Résister à l'Amérique

CETTE SEMAINE DANS L'IA ET LES TECHS • X peut mettre le feu aux poudres entre l'Europe et les États-Unis • Gradium donne de la voix • AWS s'ouvre à GCP • Les plans souverains de Scaleway dans le quantique et l'IA • L'avenir des systèmes d'exploitation • Mustafa Suleyman : Pour une superintelligence humaniste • Bienvenue dans Qant, 8 décembre 2025.

« Le progrès est devant nous, à condition de dépasser sa propagande » • Paul Virilio

Comment le numérique va envenimer les tensions euro-américaines

Alors que la stratégie de sécurité américaine installe dans la durée la logique prédatrice de l’administration Trump, la Commission Européenne inflige à X la première amende au nom du DSA. Étincelles garanties.

Les illustrations de Qant, cette semaine, rendent humblement hommage au grand Mœbius (Jean Giraud, 1938-2012)

Vendredi, l’Europe a enfin imposé une amende à la plateforme X d’Elon Musk, marquant la première application du règlement européen sur les services numériques (DSA).
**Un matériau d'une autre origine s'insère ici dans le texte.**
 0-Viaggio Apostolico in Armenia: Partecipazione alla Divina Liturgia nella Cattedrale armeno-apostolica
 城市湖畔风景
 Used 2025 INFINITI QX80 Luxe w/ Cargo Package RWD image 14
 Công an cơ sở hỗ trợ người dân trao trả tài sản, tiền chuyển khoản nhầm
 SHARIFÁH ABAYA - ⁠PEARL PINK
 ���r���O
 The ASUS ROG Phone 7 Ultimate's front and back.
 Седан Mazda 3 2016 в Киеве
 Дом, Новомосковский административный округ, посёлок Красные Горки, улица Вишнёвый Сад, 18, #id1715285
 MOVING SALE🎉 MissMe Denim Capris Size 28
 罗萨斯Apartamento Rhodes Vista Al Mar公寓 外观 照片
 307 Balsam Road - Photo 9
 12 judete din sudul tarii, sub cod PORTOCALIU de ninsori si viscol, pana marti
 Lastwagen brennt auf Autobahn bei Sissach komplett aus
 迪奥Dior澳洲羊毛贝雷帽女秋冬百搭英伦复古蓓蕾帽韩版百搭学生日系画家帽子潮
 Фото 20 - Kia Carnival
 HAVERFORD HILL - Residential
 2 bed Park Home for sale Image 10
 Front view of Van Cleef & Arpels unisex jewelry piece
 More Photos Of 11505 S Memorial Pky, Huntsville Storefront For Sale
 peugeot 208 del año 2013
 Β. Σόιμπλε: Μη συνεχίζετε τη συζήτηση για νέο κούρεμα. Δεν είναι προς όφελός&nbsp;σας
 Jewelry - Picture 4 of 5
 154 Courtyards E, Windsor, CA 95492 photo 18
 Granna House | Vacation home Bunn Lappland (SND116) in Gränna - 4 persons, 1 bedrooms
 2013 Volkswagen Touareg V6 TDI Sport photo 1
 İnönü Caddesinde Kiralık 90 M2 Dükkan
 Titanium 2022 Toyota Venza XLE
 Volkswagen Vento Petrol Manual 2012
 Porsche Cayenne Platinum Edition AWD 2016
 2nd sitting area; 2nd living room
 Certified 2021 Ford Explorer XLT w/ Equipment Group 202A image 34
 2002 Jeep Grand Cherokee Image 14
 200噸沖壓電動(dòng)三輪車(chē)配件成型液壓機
La  réaction ne s’est pas faite attendre, aussi officielle que belliqueuse. « L’amende infligée par la Commission européenne n’est pas seulement une attaque contre X, c’est une attaque contre (...) le peuple américain, perpétrée par des gouvernements étrangers » s’est exclamé le secrétaire d’État Marco Rubio, qui menace : « L’époque de la censure des Américains en ligne est révolue. »

Pourtant, il aura fallu deux ans d’atermoiements à la Commission pour sanctionner la tromperie qu’est devenu le système de vérification de Twitter après le rachat par Elon Musk, le manque de transparence publicitaire et les restrictions sur l’accès aux données, conçues pour masquer la désinformation et la manipulation algorithmique. Le montant, qui aurait pu atteindre 6 % du chiffre d’affaires, ne s’élève qu’à 120 millions d’euros. Ce dont xAI, qui a absorbé X  en mars dernier, se souciera comme d’une guigne, trop occupée qu’elle est à lever 15 milliards de dollars sur une valorisation de 230 milliards (même si l’amende pourrait représenter 4% du chiffre d’affaires de l’ancienne Twitter, que certains estiment à 3 milliards de dollars à peine). 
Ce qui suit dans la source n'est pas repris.